Problem statement: Omit all pictures. Quote the lines from the one with "PTT Şubesi İle Yaşanan Dağıtım Sorunları" through the end of the listing below, exactly as they appear.

□ □ □ □

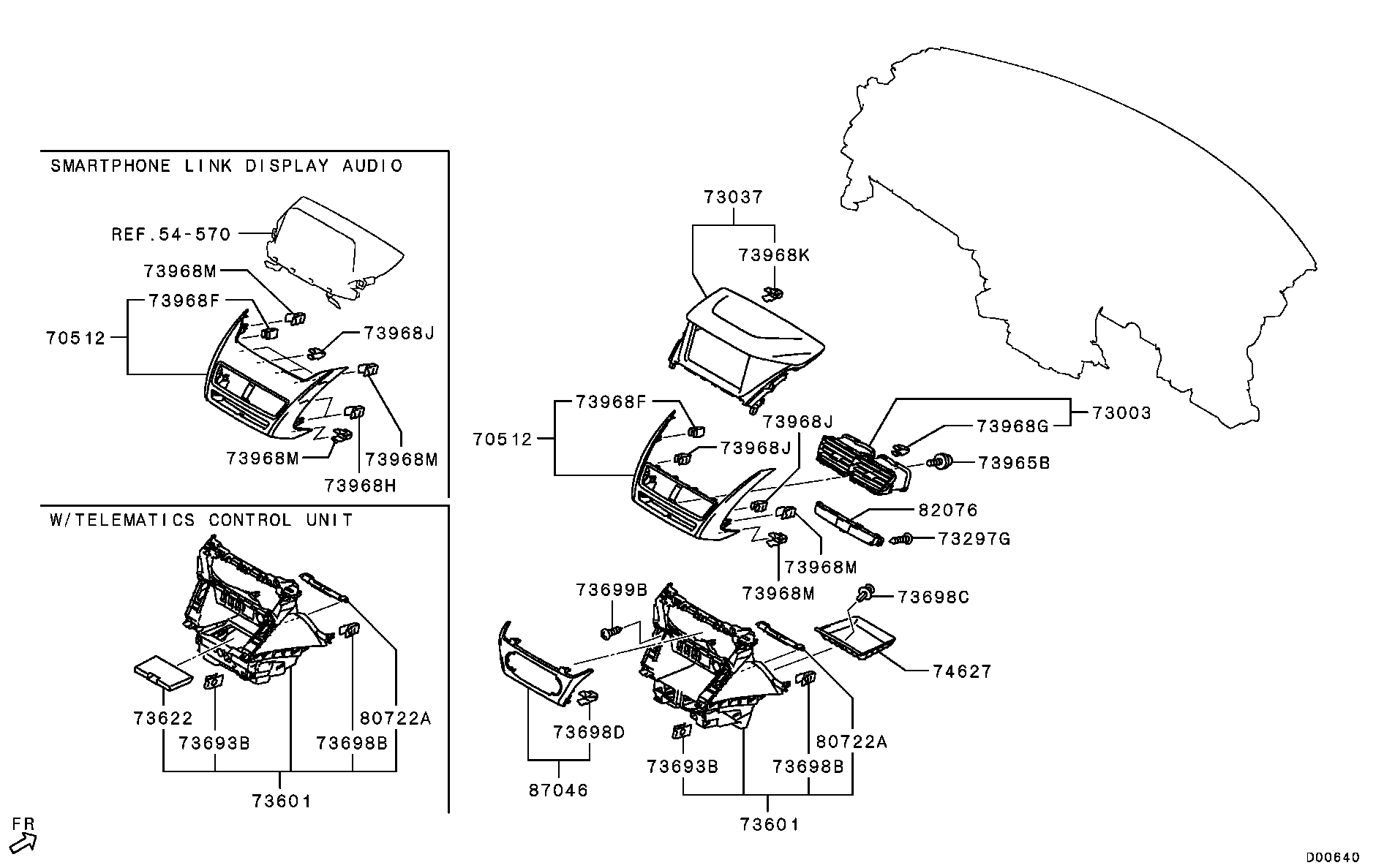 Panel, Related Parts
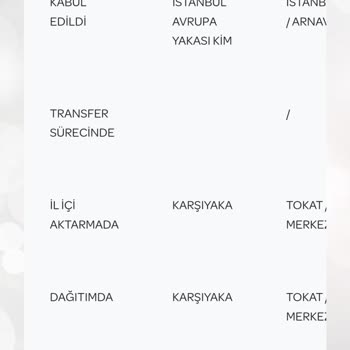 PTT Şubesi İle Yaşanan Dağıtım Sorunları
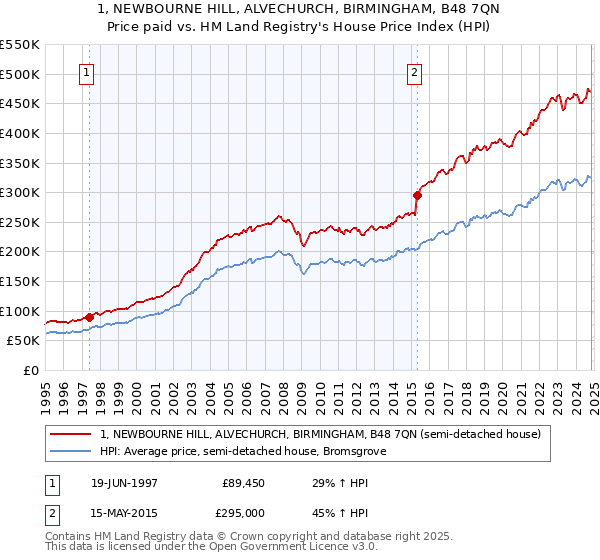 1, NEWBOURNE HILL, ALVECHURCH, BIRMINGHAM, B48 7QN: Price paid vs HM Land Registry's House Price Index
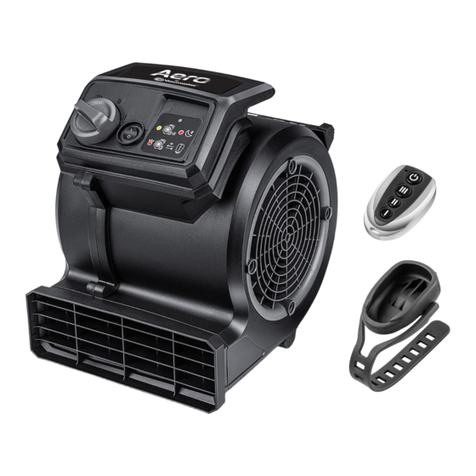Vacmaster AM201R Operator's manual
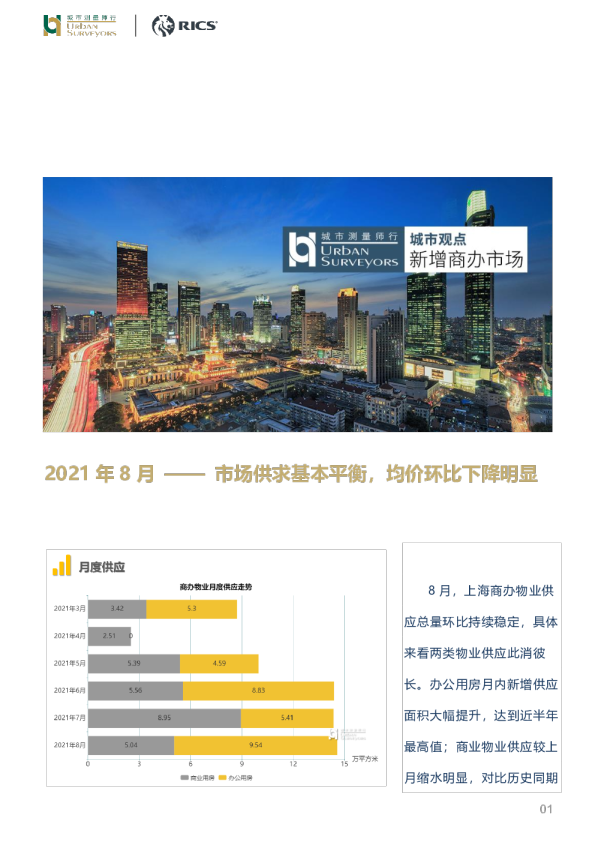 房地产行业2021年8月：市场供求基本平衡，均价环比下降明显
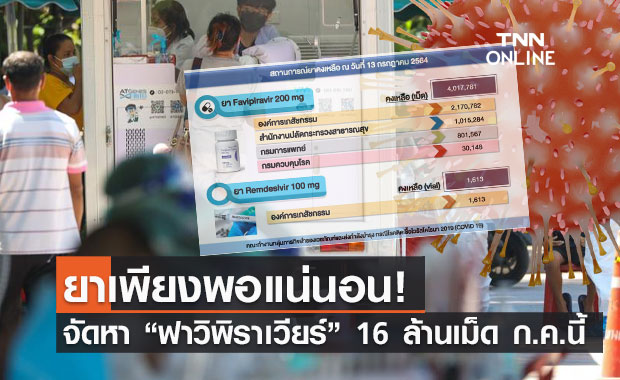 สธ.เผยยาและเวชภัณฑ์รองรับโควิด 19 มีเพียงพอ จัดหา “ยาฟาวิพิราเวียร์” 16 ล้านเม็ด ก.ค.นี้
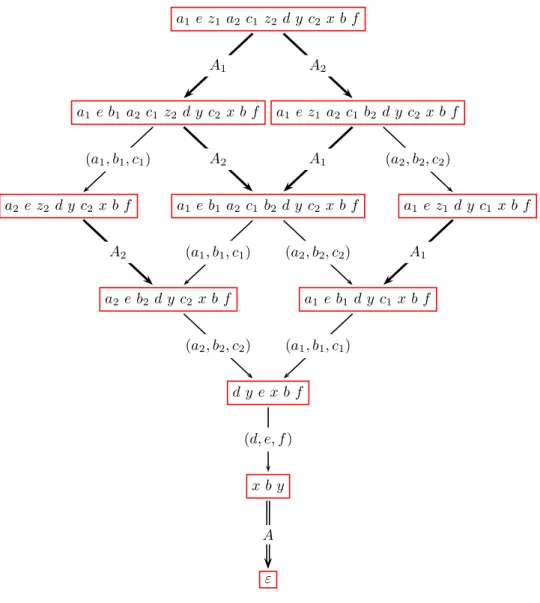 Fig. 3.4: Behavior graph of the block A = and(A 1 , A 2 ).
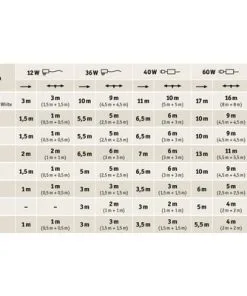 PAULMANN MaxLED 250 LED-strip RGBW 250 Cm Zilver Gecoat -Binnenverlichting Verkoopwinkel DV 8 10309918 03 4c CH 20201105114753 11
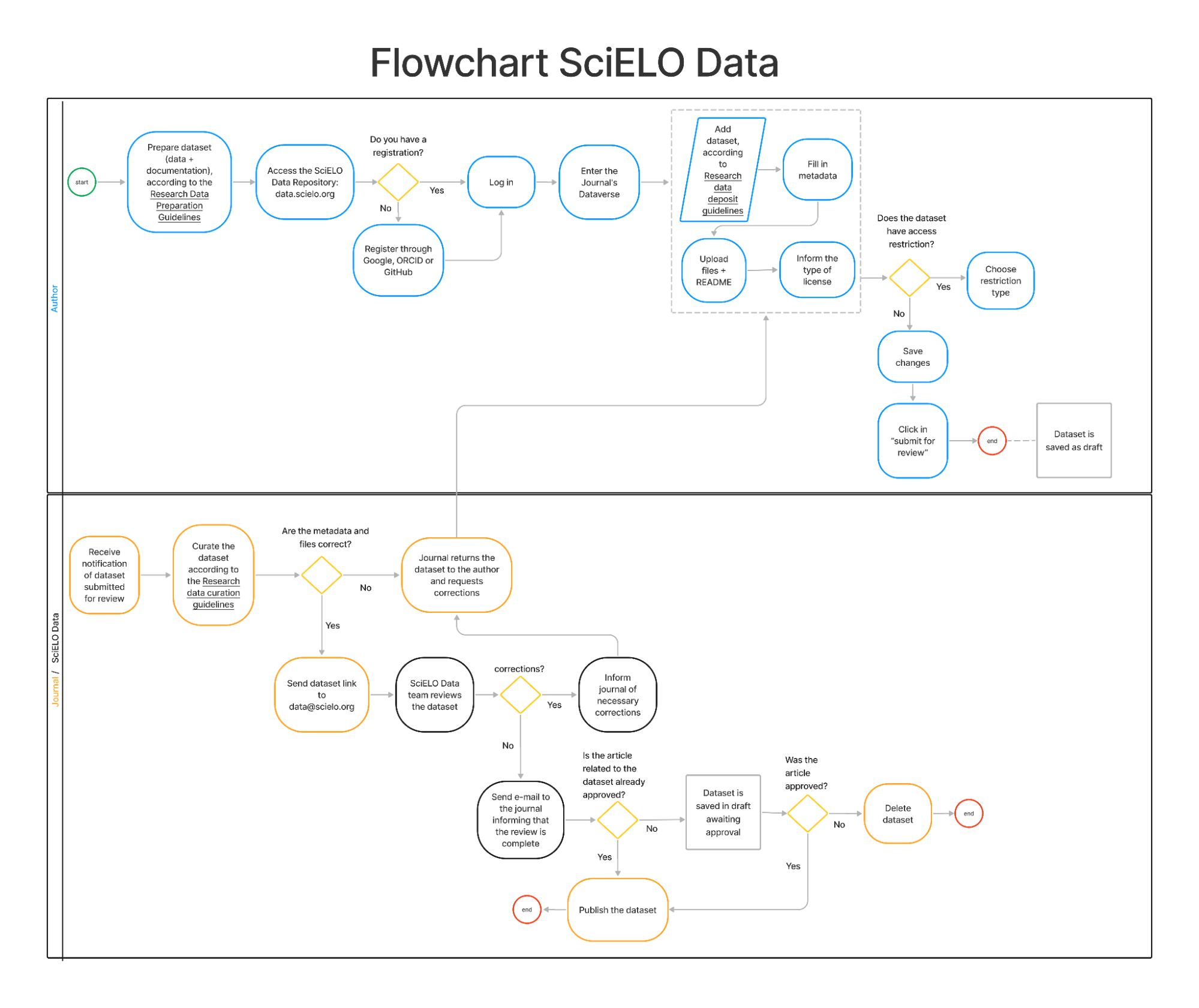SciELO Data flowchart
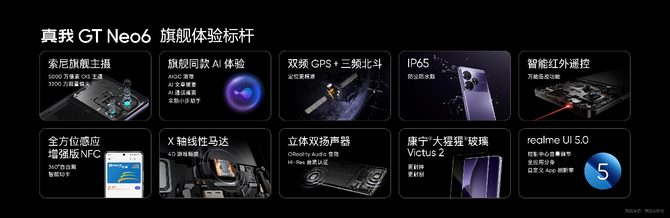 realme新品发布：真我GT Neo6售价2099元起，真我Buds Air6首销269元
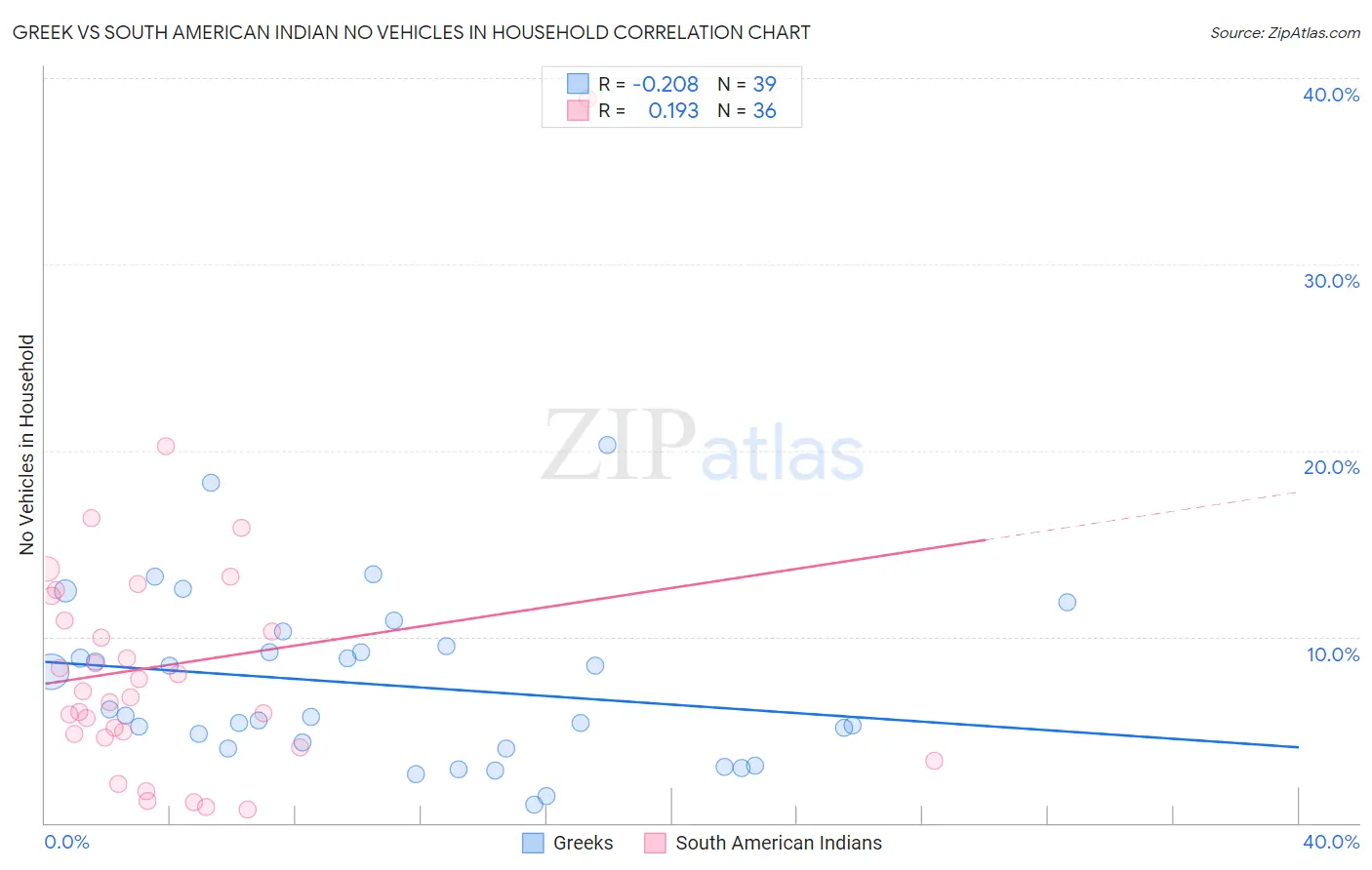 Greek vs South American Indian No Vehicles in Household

□ □ □ □

Answer space:
 PTT Şubesi İle Yaşanan Dağıtım Sorunları
 1, NEWBOURNE HILL, ALVECHURCH, BIRMINGHAM, B48 7QN: Price paid vs HM Land Registry's House Price Index
Vacmaster AM201R Operator's manual
 房地产行业2021年8月：市场供求基本平衡，均价环比下降明显
 สธ.เผยยาและเวชภัณฑ์รองรับโควิด 19 มีเพียงพอ จัดหา “ยาฟาวิพิราเวียร์” 16 ล้านเม็ด ก.ค.นี้
 Fig. 3.4: Behavior graph of the block A = and(A 1 , A 2 ).
 PAULMANN MaxLED 250 LED-strip RGBW 250 Cm Zilver Gecoat -Binnenverlichting Verkoopwinkel DV 8 10309918 03 4c CH 20201105114753 11
SciELO Data flowchart
 realme新品发布：真我GT Neo6售价2099元起，真我Buds Air6首销269元
 Greek vs South American Indian No Vehicles in Household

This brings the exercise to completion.